Every line below from the one containing "Wohnung zur Miete" through the one containing "Pizza Hut box" is to be printed exactly, with the pictures omitted.

> [EXERCISE DATA]:
⟨

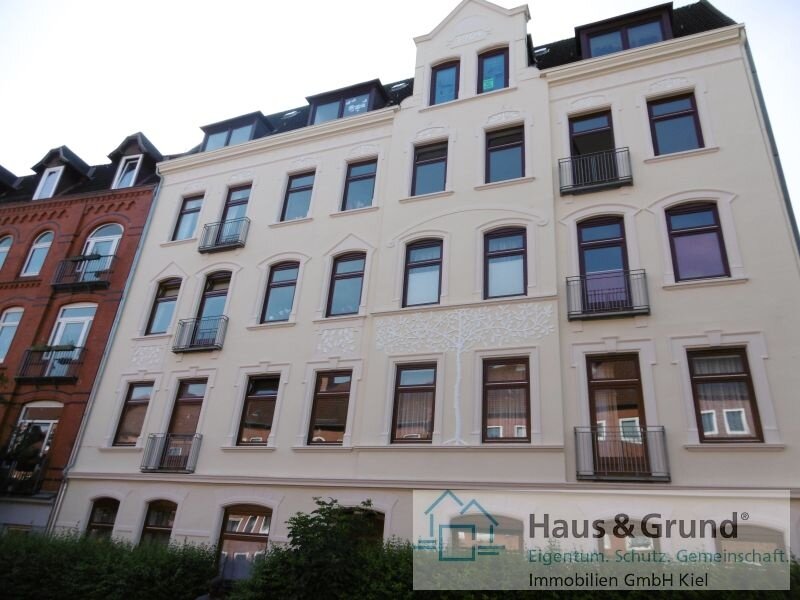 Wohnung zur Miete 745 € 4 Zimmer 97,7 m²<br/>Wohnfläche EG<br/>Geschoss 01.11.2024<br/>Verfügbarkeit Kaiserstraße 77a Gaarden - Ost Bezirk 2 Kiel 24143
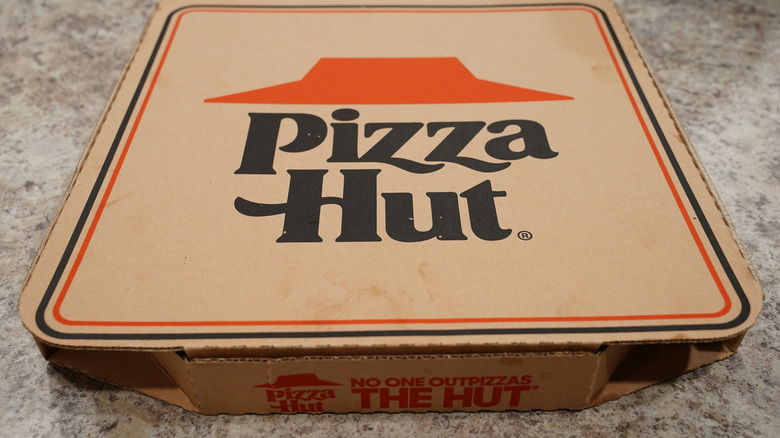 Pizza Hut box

⟩
⟨

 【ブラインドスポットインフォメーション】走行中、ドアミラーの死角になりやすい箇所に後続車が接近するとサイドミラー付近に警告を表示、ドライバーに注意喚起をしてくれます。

⟩

> [RESULT BELOW]:
 Wohnung zur Miete 745 € 4 Zimmer 97,7 m²<br/>Wohnfläche EG<br/>Geschoss 01.11.2024<br/>Verfügbarkeit Kaiserstraße 77a Gaarden - Ost Bezirk 2 Kiel 24143
 Pizza Hut box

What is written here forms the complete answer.